Ich muss ehrlich gestehen: Als gebürtiger Thüringer hat man schon als Schüler die Berichte vom GutsMuths-Rennsteiglauf gelesen, voller Ehrfurcht darüber nachgedacht, was denn jemanden bewegen könnte, eine solche Strapaze, wie den langen Kanten des Rennsteiglaufes, in Angriff zu nehmen! „Marathon“ war schon ein Reizwort, doch über 70 Kilometer und ca. 1500 Höhenmeter Anstiege und knapp 1000 Höhenmeter Gefällestrecken laufend hinter sich zu bringen, war zumindest für mich in meinen Jugendjahren eine Sache, mit der man sich nicht identifizieren konnte, die einem aber jedes Mal, wenn man sich tiefer gehend damit beschäftigte, kräftige "Schauer" hervorrief! Wobei: geträumt hat man schon davon, einmal dabei zu sein. Allerdings war das eher so ein Traum, den man als Kind hatte, wie z. Bsp. wenn man gefragt wurde: "Was willst Du denn mal werden?" und man dann kindlich naiv geantwortet hat: "Na vielleicht Astronaut und zum Mond fliegen..."

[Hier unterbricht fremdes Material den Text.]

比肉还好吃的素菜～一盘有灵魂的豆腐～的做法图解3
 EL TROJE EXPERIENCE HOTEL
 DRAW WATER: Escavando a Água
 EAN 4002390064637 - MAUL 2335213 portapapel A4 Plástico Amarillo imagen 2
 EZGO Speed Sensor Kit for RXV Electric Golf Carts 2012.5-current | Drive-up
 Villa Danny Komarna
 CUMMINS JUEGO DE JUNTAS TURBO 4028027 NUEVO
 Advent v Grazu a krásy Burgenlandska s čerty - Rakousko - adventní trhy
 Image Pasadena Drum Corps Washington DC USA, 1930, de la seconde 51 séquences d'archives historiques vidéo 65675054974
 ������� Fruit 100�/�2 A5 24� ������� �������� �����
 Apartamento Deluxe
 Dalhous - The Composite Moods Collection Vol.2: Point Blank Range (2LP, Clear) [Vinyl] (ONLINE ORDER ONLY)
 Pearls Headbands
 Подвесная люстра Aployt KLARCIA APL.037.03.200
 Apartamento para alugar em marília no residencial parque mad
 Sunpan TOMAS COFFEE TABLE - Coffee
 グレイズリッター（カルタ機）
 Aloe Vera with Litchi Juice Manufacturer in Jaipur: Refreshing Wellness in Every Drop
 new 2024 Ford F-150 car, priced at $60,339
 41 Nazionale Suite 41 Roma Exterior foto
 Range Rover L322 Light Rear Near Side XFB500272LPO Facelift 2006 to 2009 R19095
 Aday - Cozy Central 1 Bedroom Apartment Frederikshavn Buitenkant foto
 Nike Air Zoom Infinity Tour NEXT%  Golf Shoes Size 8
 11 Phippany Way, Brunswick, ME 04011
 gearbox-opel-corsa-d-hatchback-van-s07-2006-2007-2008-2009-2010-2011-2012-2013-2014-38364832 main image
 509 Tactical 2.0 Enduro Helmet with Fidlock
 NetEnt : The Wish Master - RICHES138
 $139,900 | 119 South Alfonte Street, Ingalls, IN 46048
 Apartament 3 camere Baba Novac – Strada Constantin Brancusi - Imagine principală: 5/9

Als ich vor zweieinhalb Jahren von den Fußgängern zu den Läufern "mutierte", war der Antrieb hierfür, etwas gutes für meinen Körper zu tun. Schnell erkannte ich, dass das Laufen eine Medizin ist, die scheinbar durch nichts zu ersetzen und doch ohne Rezept für jeden zu haben ist! Ich fühlte mich pudelwohl, sei es im Frühling, in eisiger Kälte oder im Hochsommer – selbst im Herbst bei Regen war ich nicht zu bremsen – es war für mich wie eine Droge! Schon bald war der Drang da, einen Marathon zu laufen. Schaffen das andere in ein paar Wochen Vorbereitungszeit (ob’s gut ist, sei mal dahingestellt!), kann ich das auch! Ohne Probleme und mit gutem Gefühl wurde dieses Ziel erreicht! Das war dann auch der Auslöser für größere Taten: Ein Lauftrefffreund war schon 10 Mal in Biel beim 100er dabei – unvorstellbar!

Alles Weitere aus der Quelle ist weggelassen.